Le texte qui suit est le résumé d’une intervention lors de la « journée de la mémoire du scoutisme laïque » le 28 novembre 2018.

 

 

Notre scoutisme d’extension chez les « sourds-muets »

Exemple du groupe de l’Institut National de Jeunes Sourds de Paris 1934-2016

 

Intervention de Catherine Bastide, ancienne responsable Extension, ancienne membre du Comité Directeur E.D.F.

 

 

Une définition :


Commençons par une petite leçon de vocabulaire.

Au terme « sourd » qui a toujours été – et est toujours – employé pour désigner une personne qui n’entend pas ou qui entend mal, se sont ajoutés d’autres vocables.
Certains se réfèrent :

-   au moyen de communication : sourd muet, sourd parlant, sourd signant,

-   au degré de surdité : demi-sourd, sourd léger, moyen, sévère, profond,

-   à l’âge de la surdité : devenu sourd, sourd de naissance,

-   aux aides techniques : sourd appareillé, implanté…

D’autres veulent éviter le mot « sourd » jugé péjoratif et le remplacent. Par exemple, on parle du monde du silence ou du monde silencieux, de malentendants, d’handicapés auditifs et, actuellement, de « personnes en situation de handicap auditif ».

Nous emploierons le mot « sourd » dans sa définition initiale.

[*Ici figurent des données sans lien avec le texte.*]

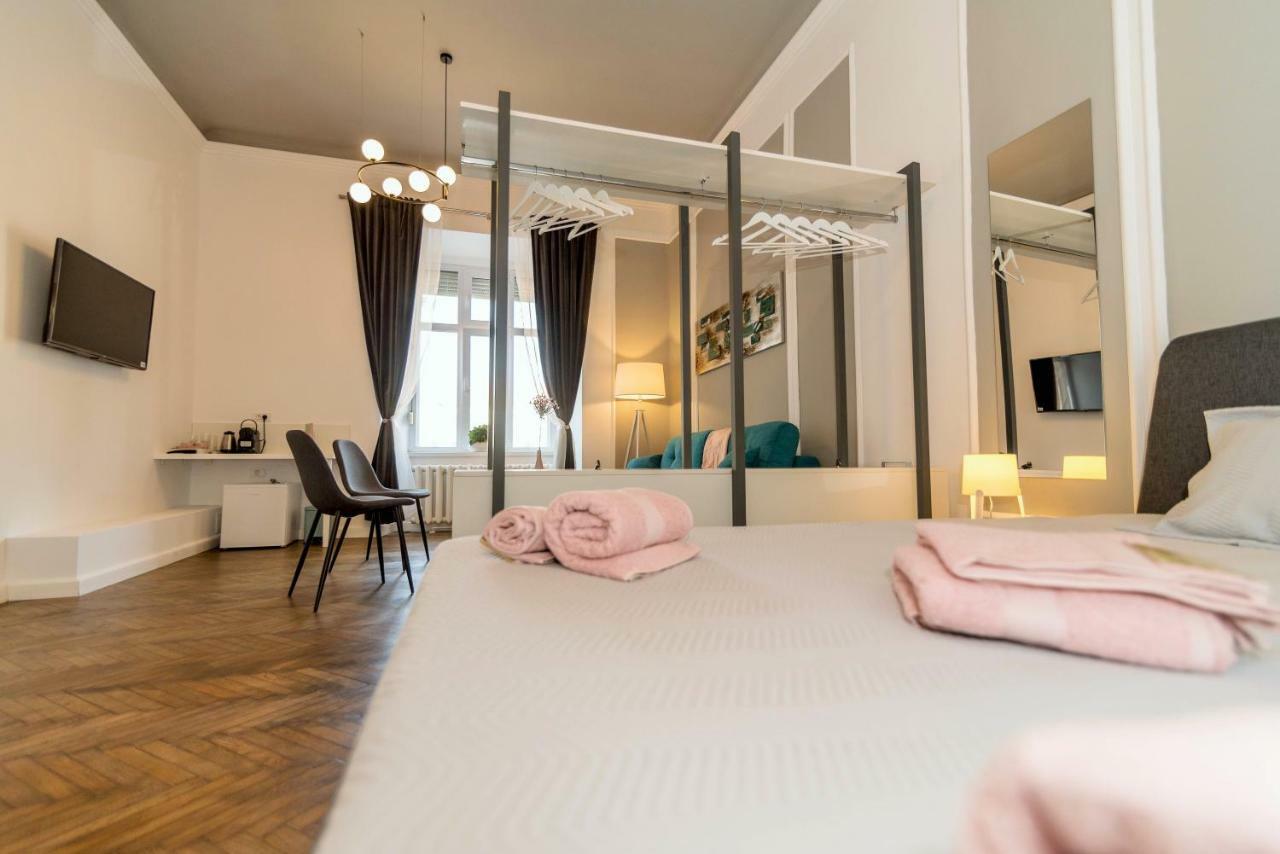 Central Premium Suites - Liberty Square Timişoara Extérieur photo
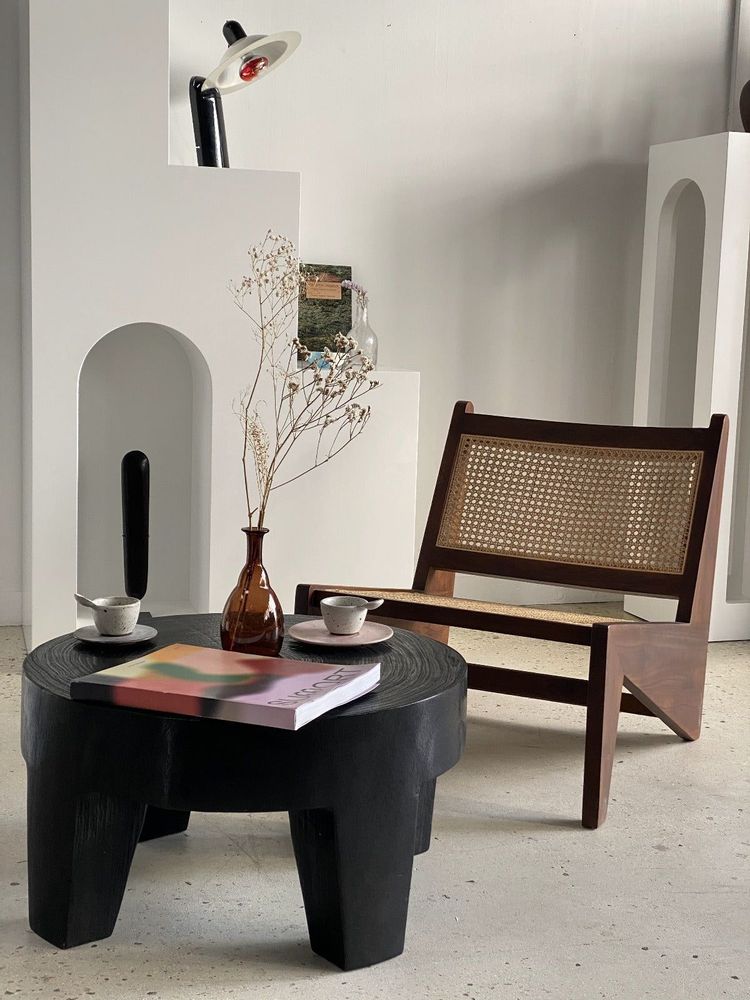 Tables basses - Coffee table, table basse quadripode en bois massif monoxyle noir H:35cm D:63cm - OFFICE OBJETS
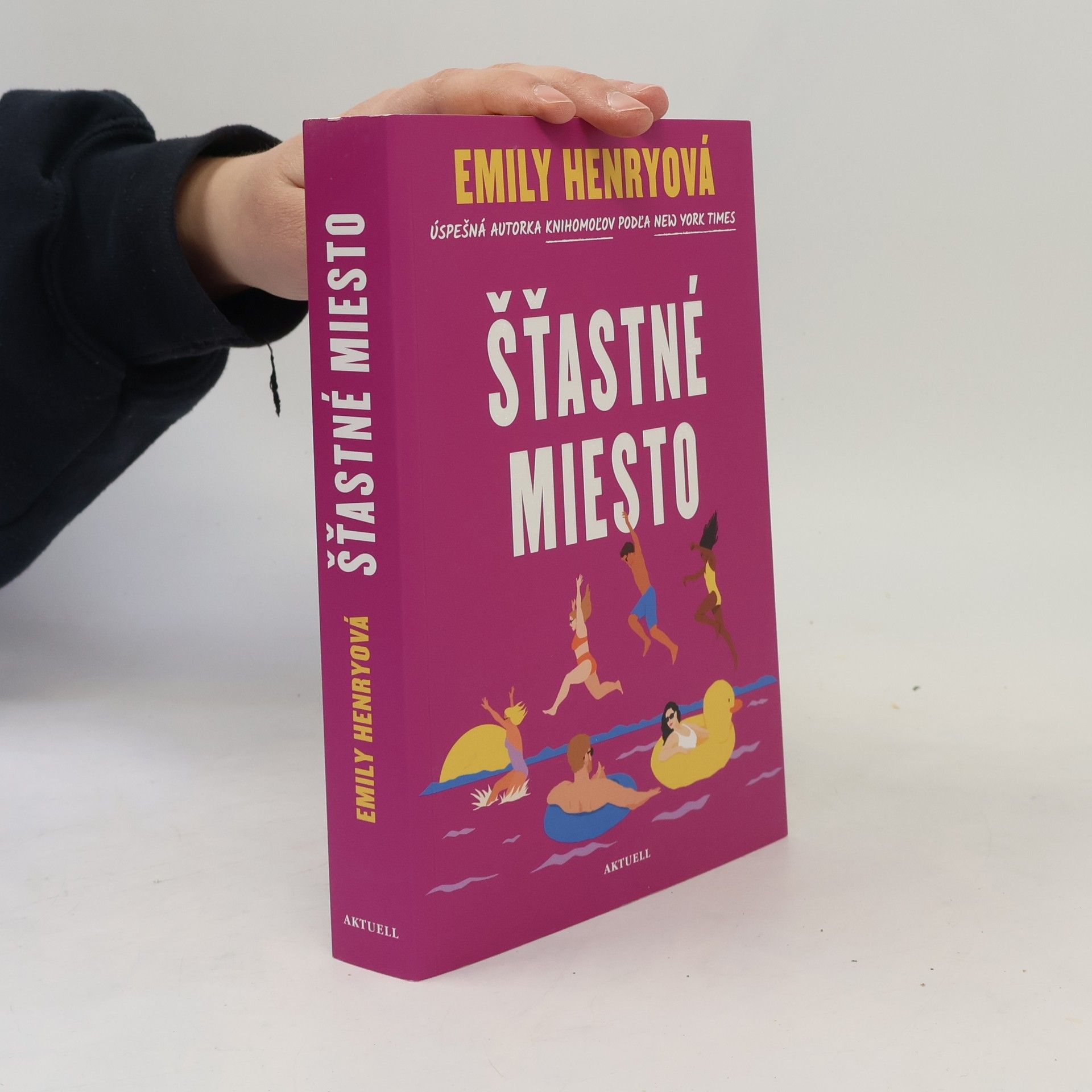 Emily Henry Šťastné miesto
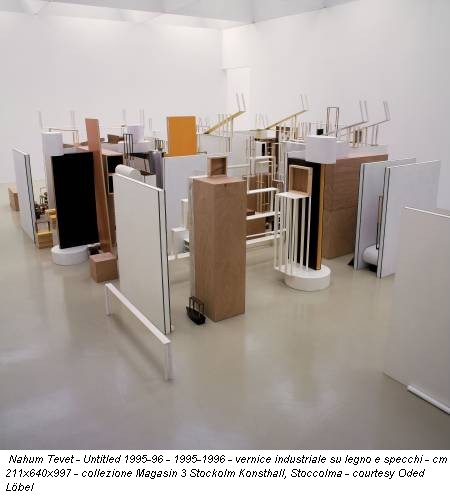 Nahum Tevet - Untitled 1995-96 - 1995-1996 - vernice industriale su legno e specchi - cm 211x640x997 - collezione Magasin 3 Stockolm Konsthall, Stoccolma - courtesy Oded Löbel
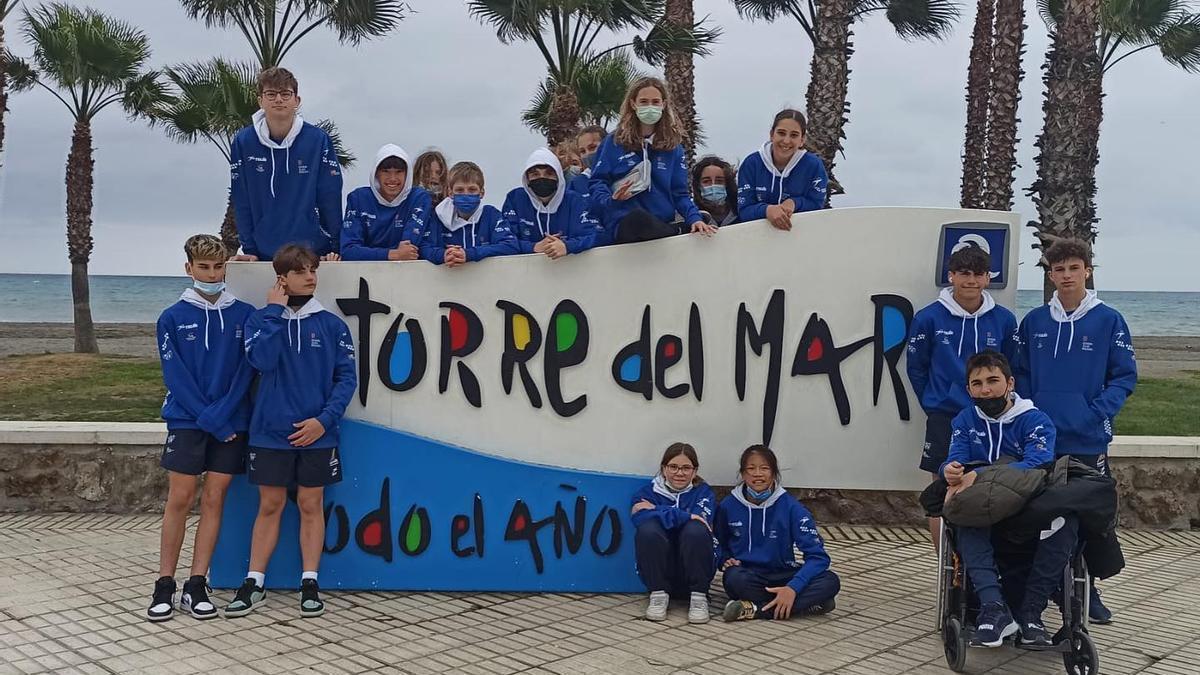 Los nadadores de Baleares posan en Málaga, en donde se celebró el Nacional alevín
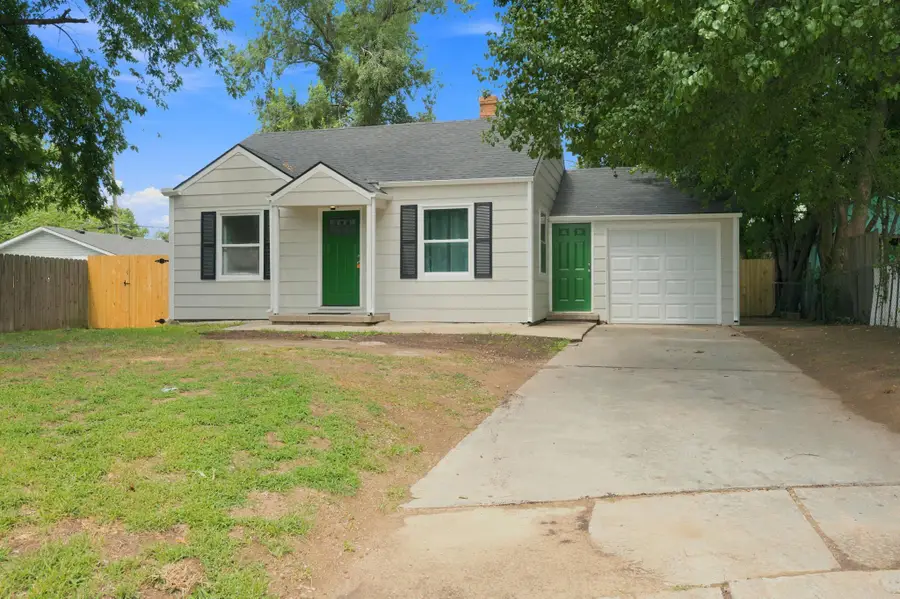 620 W North Ct, Wichita, KS 67204 - #2
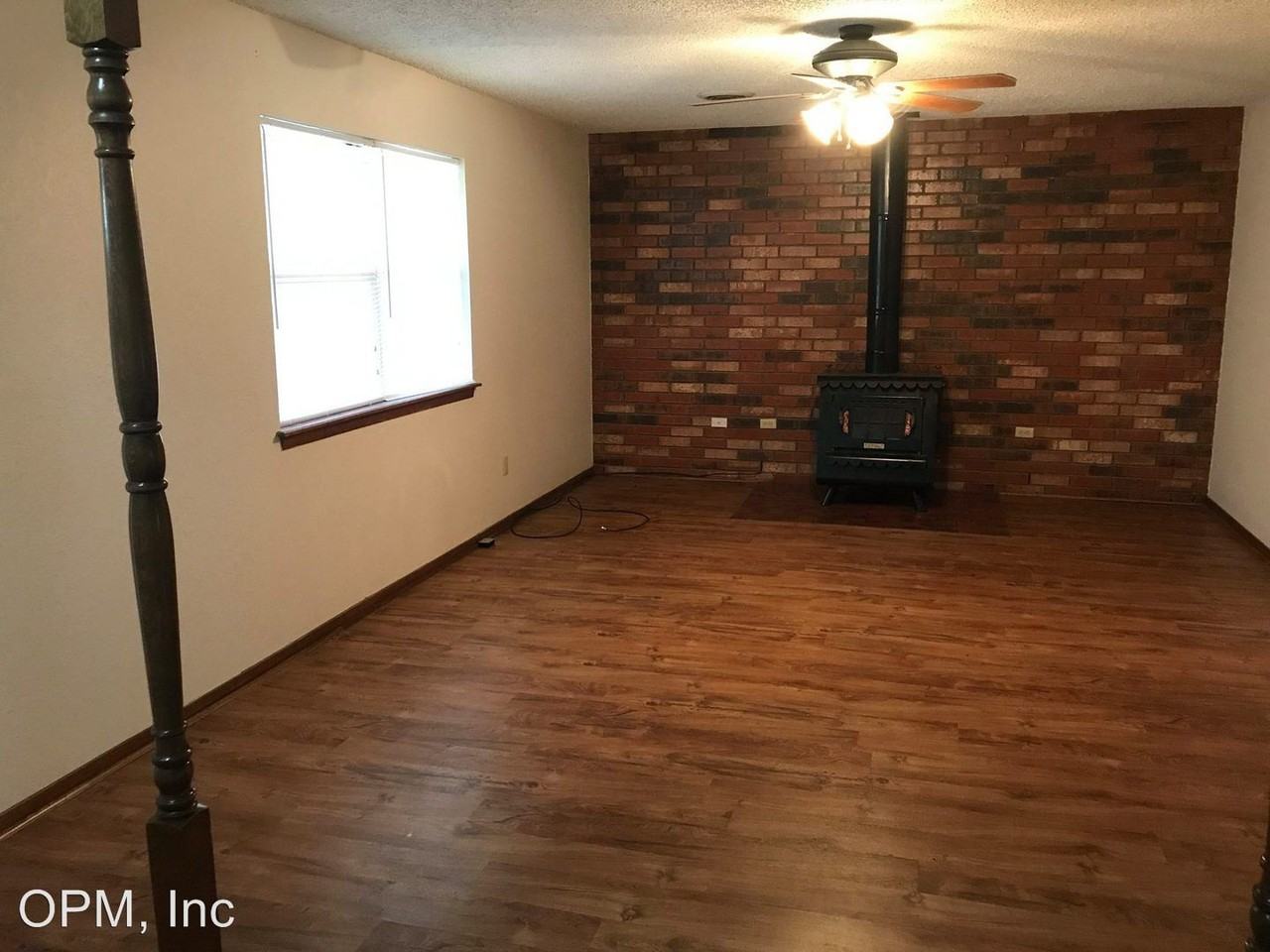 4693 S Plainview Rd - Photo 2 of 6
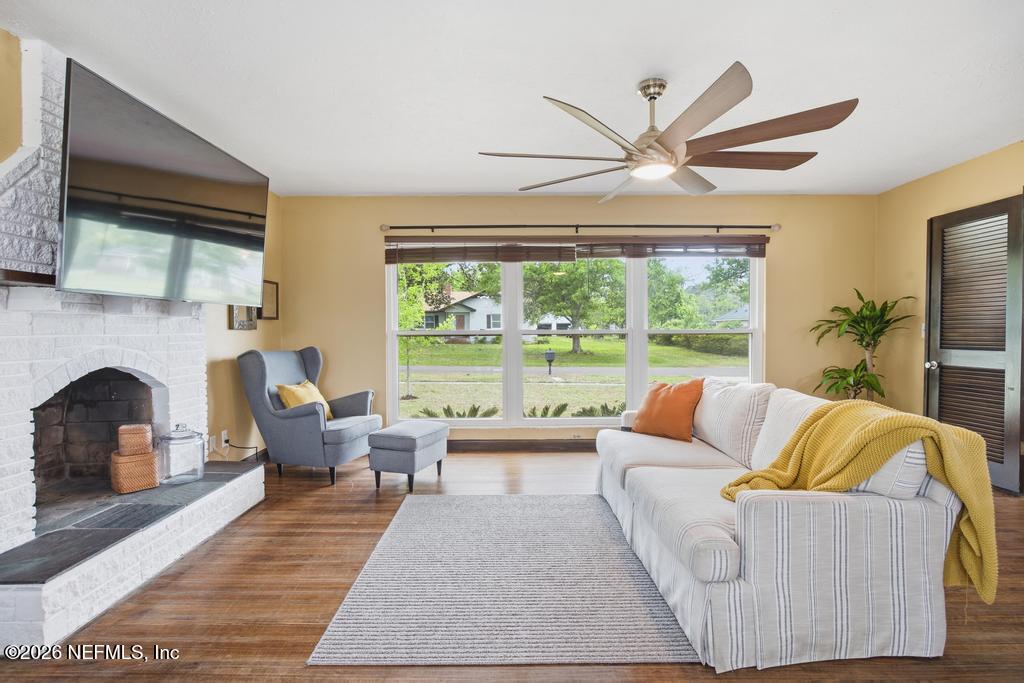 2319 Mills Road Jacksonville, FL 32216 - Photo 15 of 32 Living Room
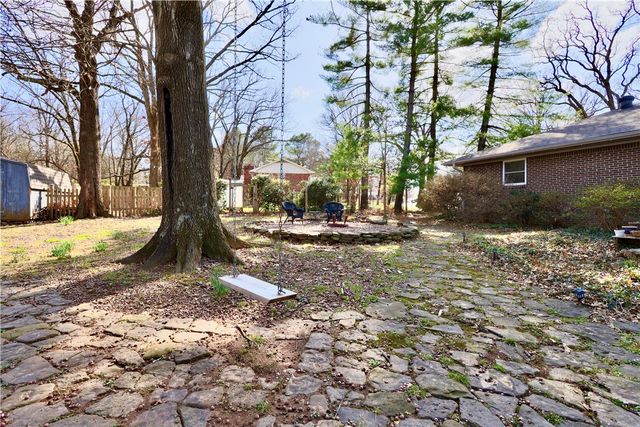 2342 N Winwood Drive, Fayetteville, AR 72703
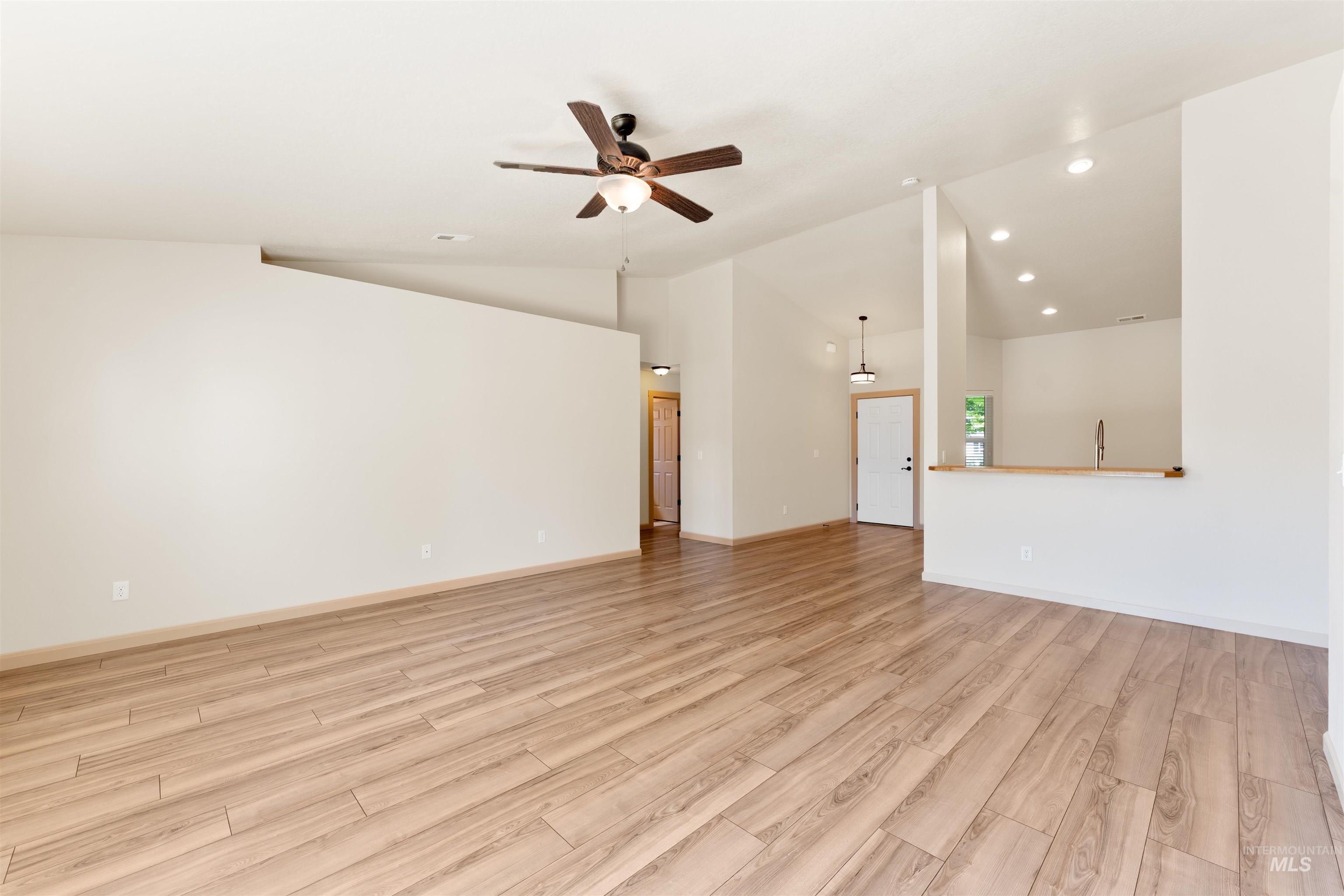 257 E Havasupai St.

Un jeune enfant atteint d’une surdité sévère ou profonde ne peut pas apprendre à parler spontanément, puisqu’il ne perçoit pas les sons habituels de la voix humaine. Sans appareillage, sans éducation spéciale, il est muet…

En France, l’abbé de l’Épée fonde, au XVIIIe siècle, la première école publique, en regroupant des élèves sourds et en reconnaissant les signes comme moyen de communication.

 

Un peu d’histoire : les premières années


En Angleterre, des troupes de scouts sourds-muets existent depuis les années 20 et le scoutisme est adopté comme base pédagogique à la Royal Cross School de Preston.

En France, en 1934, la première troupe E.D.F. est créée à l’Institution Nationale des Sourds-Muets de Paris. Comme responsables, Louis Theunissen et Pierre Denis-Gaillard, sourd lui-même, à qui le Comité Directeur des E.D.F. confie la « branche Extension » ; c’est lui qui, avant la guerre, est chargé de développer le scoutisme E.D.F. auprès de ceux que l’on appelait les infirmes, les malades, les exclus.  La troupe de l’I.N.S.M. est rattachée à un groupe d’entendants, Pasteur, et, entre autres activités, pratique le nautisme. En 1937, huit éclaireurs sourds participent au Jamboree aux Pays-Bas.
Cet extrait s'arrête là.